Choosing A Memorial

Choosing a memorial for our loved ones can be a difficult experience, our aim is to reduce the time it requires by giving you as much advice as possible all in one place so that you are well prepared.

You’ll find memorials in your local churchyards that have been around for centuries. Your choice of material will determine just how long your memorial lasts.
Granite is the preferred choice for most memorial masons. Granite is tougher than most other materials, not just those used for memorials; tougher than most materials full stop! It comes in a huge variety of colours which allows us to choose something that suits the character of the person we’re memorialising. Granite can be polished to give it a clean and modern look and by doing so it makes the surface inpeneratable to dirt and stains. By choosing granite we are not only ensuring that our memorial survives the test of time but we are also limiting the expense of maintaining it.

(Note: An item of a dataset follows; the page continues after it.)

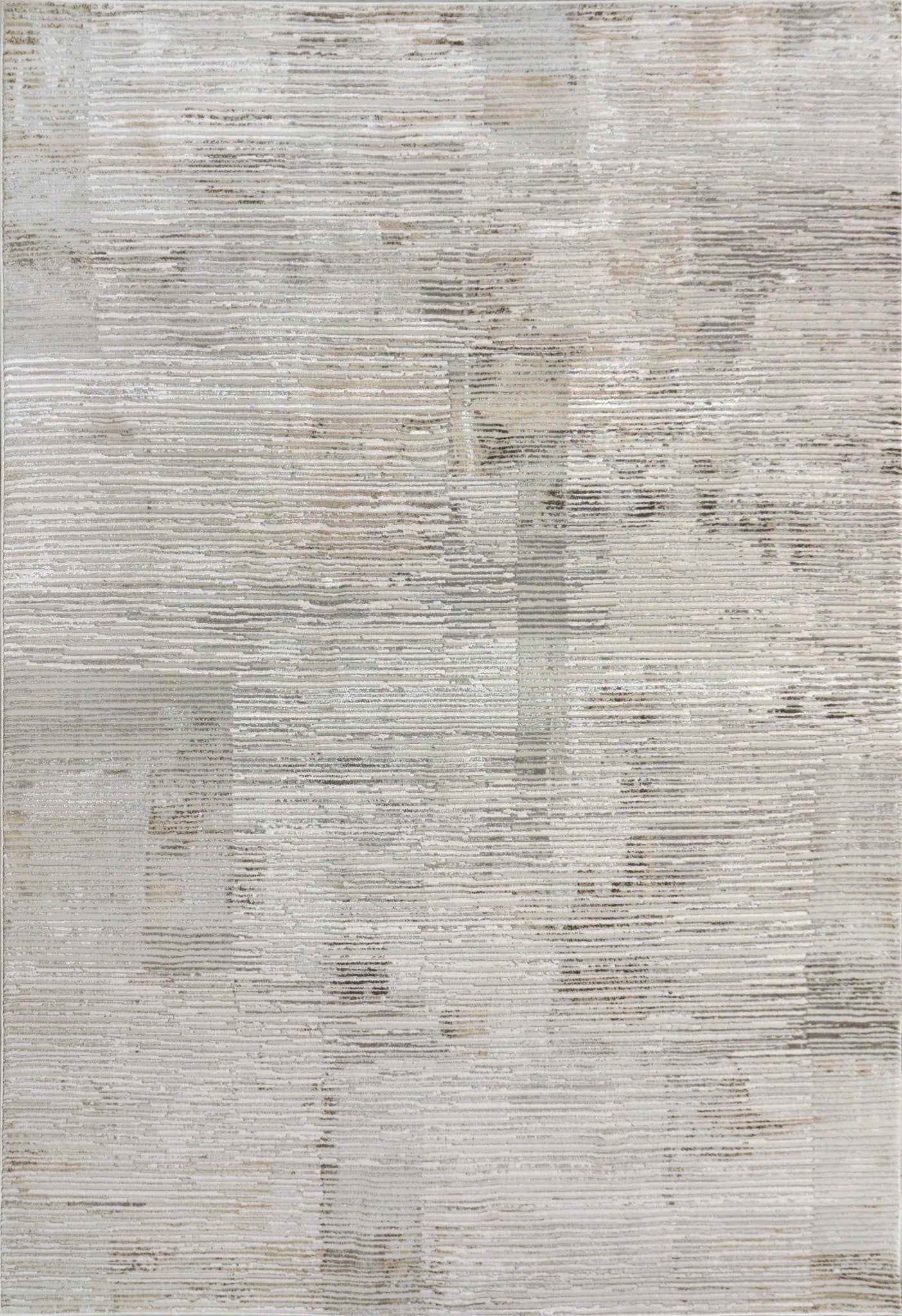 Dynamic Rugs Renaissance 3153 Ivory Grey Modern Machine - Made Rug - Rugs - Dynamic Rugs - Atlanta Designer Rugs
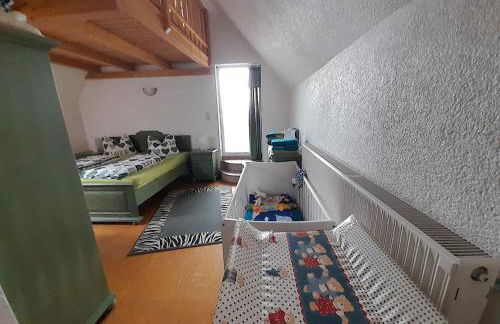 Ferienwohnung Seeleshof - Foto 10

Other material options include Marble, York Stone, Slate and a few others with similar properties. In some cases a local authority or church may insist on one of these materials to maintain a consistent look within their burial grounds. We’d recommend against choosing any of these materials unless you have no other choice. They’re extremely porous and considerably softer than granite. With time memorials made from these materials will become stained, or worse still, they’ll begin to laminate or crumble.

We must consider how many people will be memorialised on the headstone we choose? This should dictate the size of the memorial. We often see people confuse how many people will be using the headstone with how many burials or internments the plot can accommodate. These are two different things entirely. We often see cremation plots for four people used only by two. The same can apply for burial plots.

We would recommend thinking about this prior to choosing a memorial. An average sized memorial should accommodate three to four inscriptions of modest nature. Although it’s not uncommon for us to see only two inscriptions consisting of more detail on an average sized memorial.

Most cemeteries will have their own rules regarding size, shape, colour and material. The last three aren’t often a concern for most council run cemeteries, but churchyards are, in our experience, very particular about what they permit. We’d recommend asking for a copy of your cemeteries rules and regulations prior to starting your search for a memorial.

Most memorials can be altered. We’ve never been unable to produce something that a customer has asked of us. Granite is incredibly tough but we have some of the best carvers in the world and they produce some of the most beautiful and intricate memorials. If you see a memorial on our website, on a search engine or even on another memorial masons website, but you wish to change it to make it more personal or bespoke; we can do it!

Your choice of inscription colour should be made AFTER you have decided what colour material you’d like. The inscription colour should enhance the natural colour of your memorial. Gold, Silver and White work best on black granite, and they should all last as long as one another. If you choose a light stone, such as a light grey, you may choose to have a black enamel inscription to provide a greater contrast, allowing greater visibility of the engraving.

We have a lot of people ask us for full grave surrounds, also known as kerbs. You’d need to establish if your grave plot is suitable for kerbs. An easy way to find this is out to see other memorials in the immediate vicinity. If they have kerbs then it’s likely that you too will be permitted to have them, Although we’d still recommend discussing it with the council or church. We can make all such enquiries if you would prefer.

Key Considerations:

  • How many people will the memorial be for?
  • What size do I need/want?
  • What material and/or colour do I want?

These should be the first questions you ask yourself. Once you have the answers almost everything else will fall into place.